Pluckily daring, she took him at his word. “I was only wondering at the different men I find in you. Before I have known you a dozen hours I discover in you the poet and the man of action, the schoolboy and the philosopher, the sentimentalist and the cynic, and—may I say it?—the gentleman and the blackguard. One feels a sense of loss. You should have specialized. You would have made such a good soldier, for instance. Pity you didn’t go to West Point.”
“Think so?” He was immensely flattered at her interest in him.
“Yes. You surely missed your calling. You were born for a soldier; cavalry, I should say. What an ornament to society you would have been if your energies had found the right vent! But they didn’t find it—and you craved excitement, I suppose. Perhaps you had to go the way you did.”
“Therefore I am what I am? Please particularize.”
“I can’t, because I don’t understand you. But I think this much is true, that you have set yourself against all laws of God and man. Yet you are not consistent, since you are better than your creed. You tell yourself there shall be no law for you but your own will, and you find there is, something in you stronger than desire that makes you shrink at many things. You can kill in fair fight, but you can’t knife a man in the back, can you?”
“I never have.”
“You have a dreadfully perverted set of rules, but you play by them. That’s why I know I’m safe with you, even when you are at your worst.”
She announced this boldly, just as if she had no doubts.

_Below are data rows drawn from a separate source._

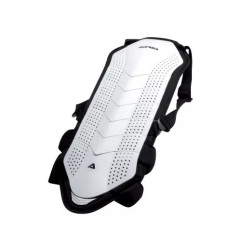 Ochraniacz na plecy 7 Plates Acerbis 2XL biały
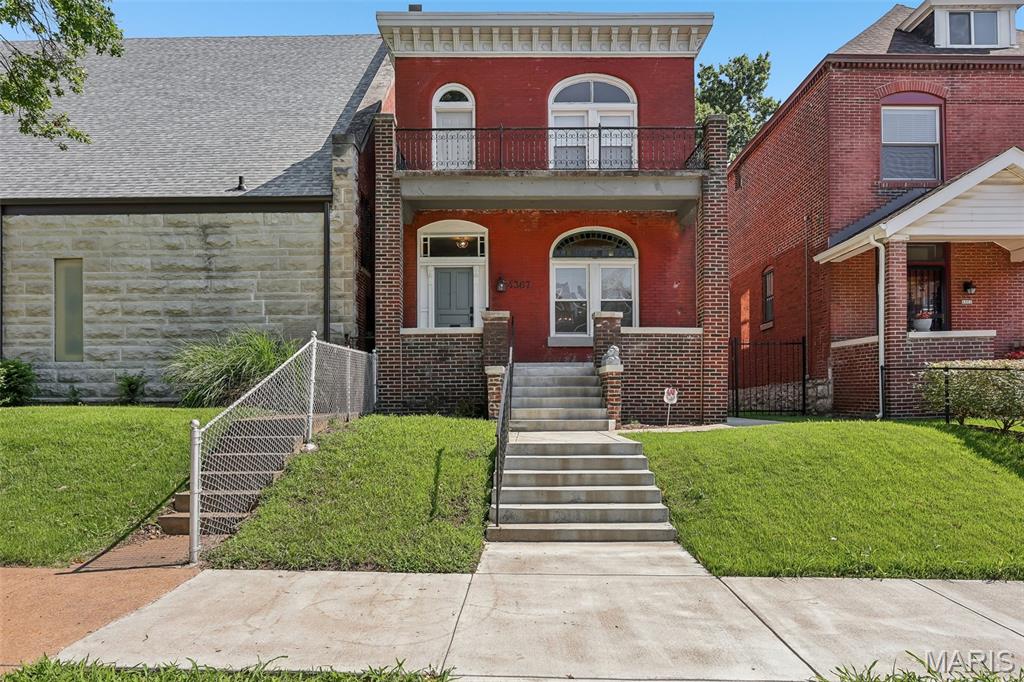 Photo of 4367 Enright Avenue St Louis MO 63108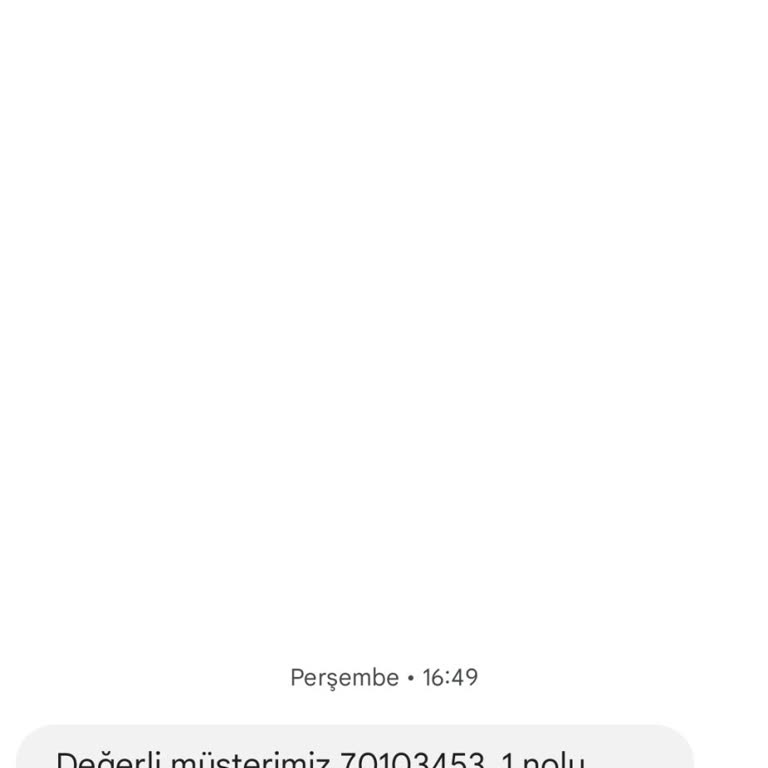 Siparişim Onaysız İptal Edildi, Mağduriyetimin Giderilmesini İstiyorum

“Oh, you know you’re safe, do you?”
“Of course I do. You were once a gentleman and you can’t forget it entirely. That’s the weakness in your philosophy of total depravity.” “You speak with an assurance you don’t always feel, I reckon. And I expect I wouldn’t bank too much on those divinations of yours, if I were you.” He rolled over so that he could face her more directly. “You’ve been mighty frank, Miss Messiter, and I take off my hat to your sand. Now I’m going to be frank awhile. You interest me. I never met a woman that interested me so much. But you do a heap more than interest me. No, you sit right there and listen. Your cheeky pluck and that insolent, indifferent beauty of yours made a hit with me the first minute I saw you that night. I swore I’d tame you, and that’s why I brought you to the ranch. Your eye flashed a heap too haughty for me to give you the go-by. Mind you, I meant to be master. I meant to make you mine as much as that dog that licked my hand before we started. What I meant then I still mean, but in a different way.